(Task brief): Output the entries below unchanged, except for the pictures.

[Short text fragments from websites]
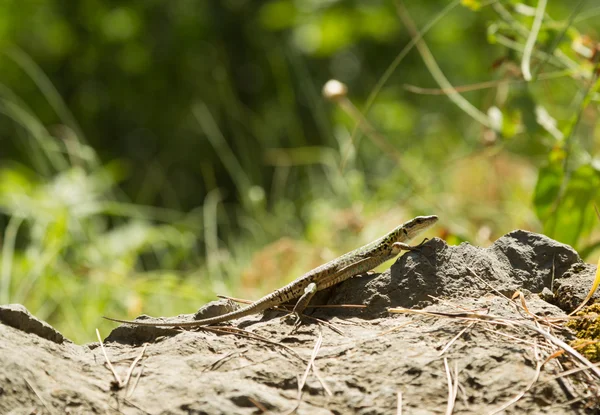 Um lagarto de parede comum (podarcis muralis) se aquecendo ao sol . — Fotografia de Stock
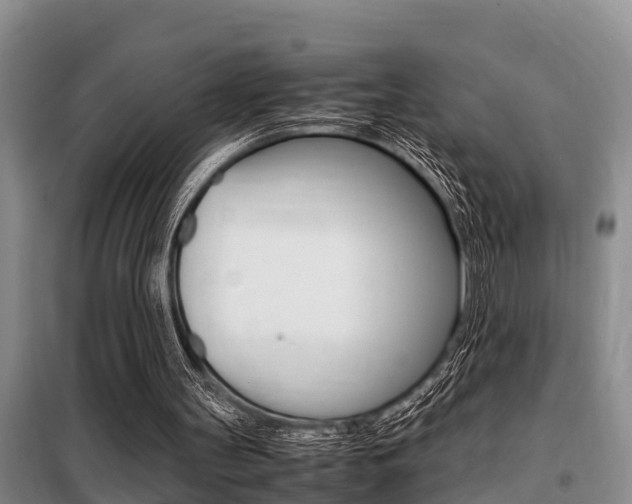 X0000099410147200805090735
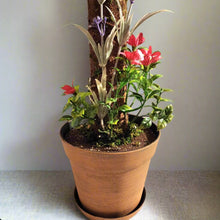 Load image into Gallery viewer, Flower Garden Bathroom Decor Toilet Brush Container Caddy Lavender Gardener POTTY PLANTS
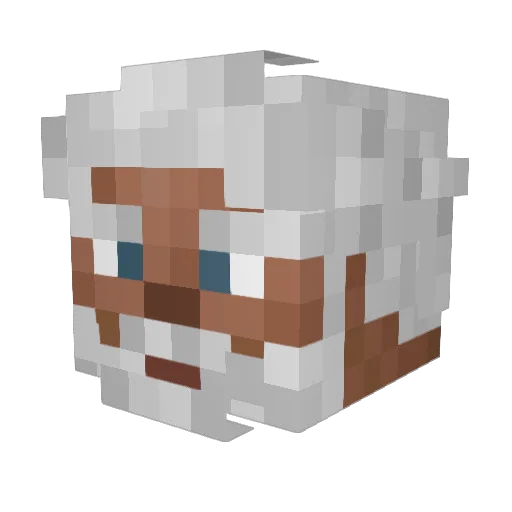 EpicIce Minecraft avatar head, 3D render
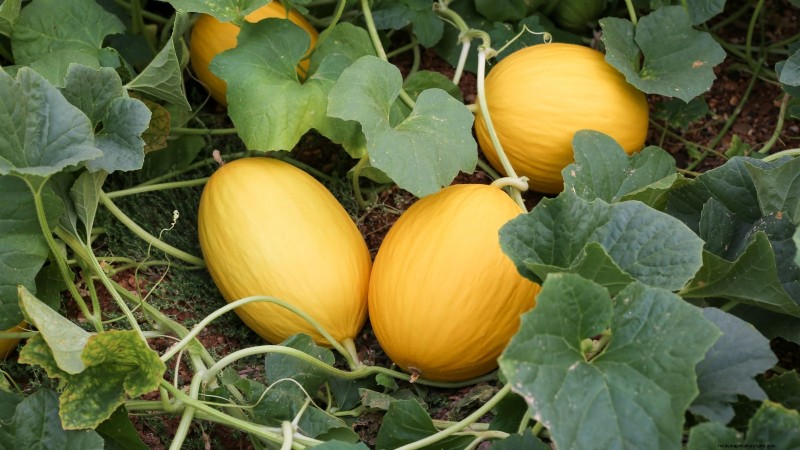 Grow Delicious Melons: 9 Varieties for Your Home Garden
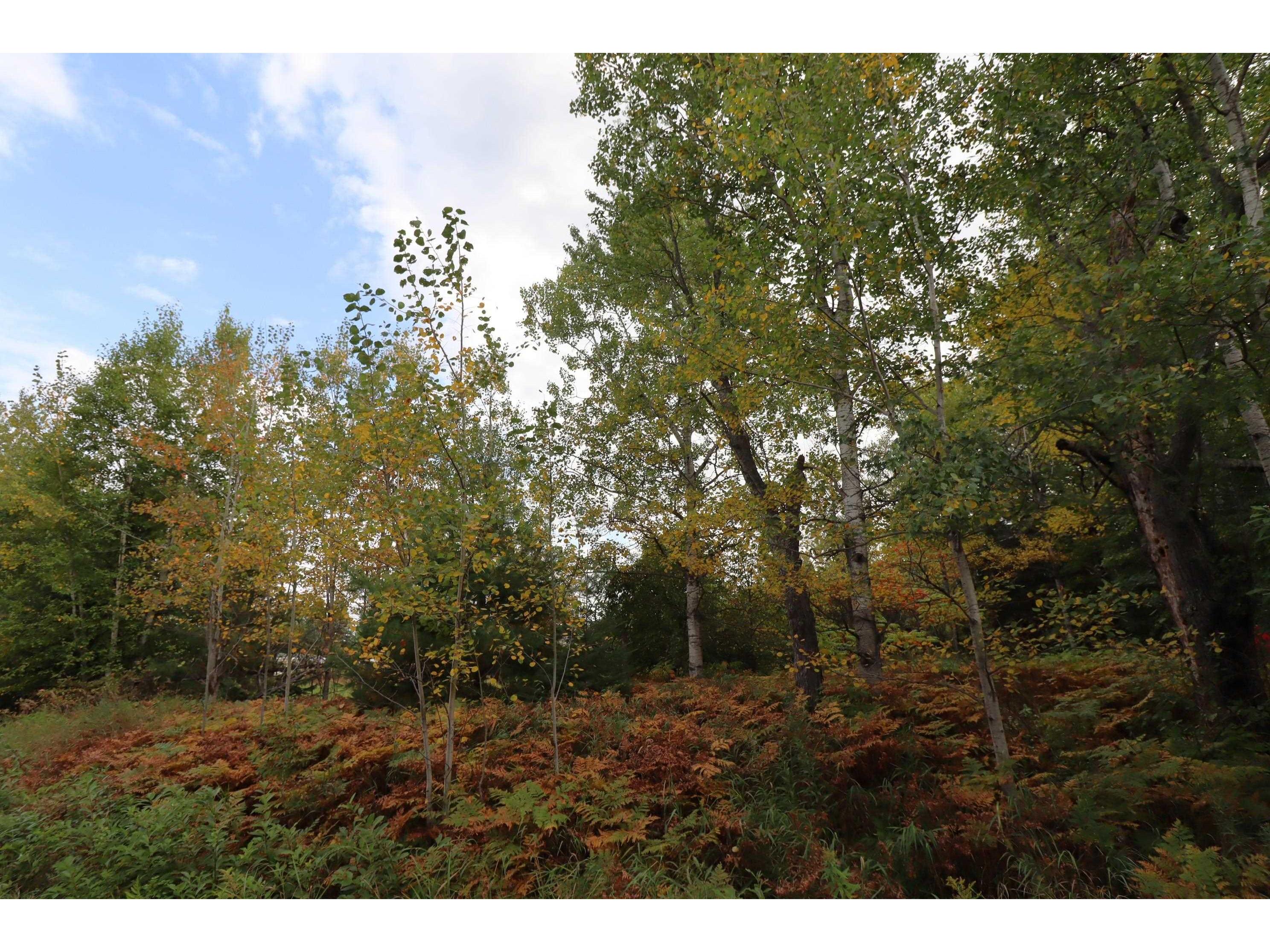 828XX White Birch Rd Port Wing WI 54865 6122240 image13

(Solution to this task):
 Um lagarto de parede comum (podarcis muralis) se aquecendo ao sol . — Fotografia de Stock
 X0000099410147200805090735
 Load image into Gallery viewer, Flower Garden Bathroom Decor Toilet Brush Container Caddy Lavender Gardener POTTY PLANTS
 EpicIce Minecraft avatar head, 3D render
 Grow Delicious Melons: 9 Varieties for Your Home Garden
 828XX White Birch Rd Port Wing WI 54865 6122240 image13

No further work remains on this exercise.